Sofie decides that she wants to go to court for custody of Hallie, and feels abandoned when Aaron testifies for Will and Gwen (because he is Hallie's godfather). The judge grants Will and Gwen full custody of Hallie, and Sofie feels even more depressed. As time goes on Gwen is feeling more and more like they took Hallie from her mom, and even though she loves Hallie so much, she can't live with herself if this keeps on going on.
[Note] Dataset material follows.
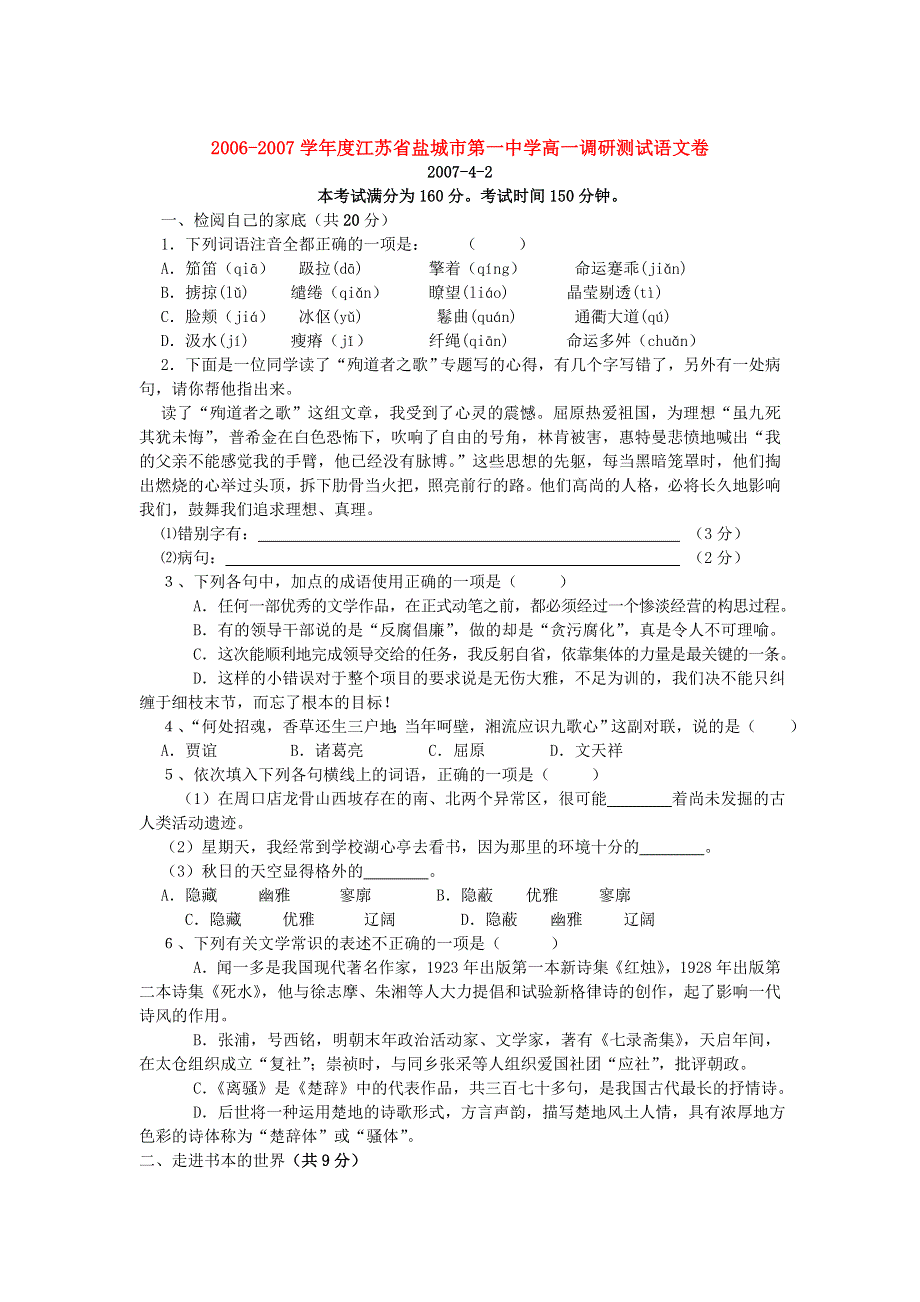 2006-2007学年度江苏省盐城市第一中学高一调研测试语文卷.doc_第1页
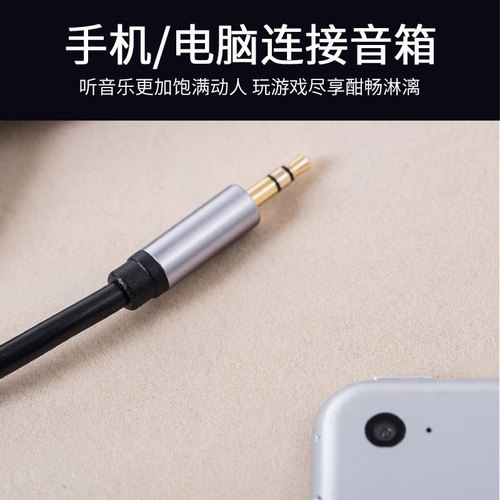 Wholesale 3.5mm to double lotus 2RCA plug TV audio tinned copper AV cable one-to-two audio cable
Will tries to snap her out of it, because he doesn't want to give Hallie up, but behind his back Gwen gives Hallie to Sofie (not legally). Will comes back to find out that Gwen has already given Hallie to Sofie and is mad, but still loves Gwen. Will hopes that Gwen will change her mind and take Hallie back before Sofie becomes Hallie's mother legally.

When Hallie gets sick, Gwen is there to help Sofie. While they help Hallie in time, Sofie realizes that though she is Hallie's biological mother she is not what's good for Hallie. Gwen and Will are. Sofie gives Hallie back to Gwen and Will for the last time. After this, Gwen and Will decide to leave town with Hallie, to start a new life with just the three of them.

The character of Hallie has been said to "embody the Jungian archetype" of the Child, because of the pronounced mode of interaction between Hallie and the other characters in the series.

==Reception==
For her role as Gwen, Landon won three consecutive Daytime Emmy Awards for Outstanding Younger Actress in 2006, 2007 and 2008.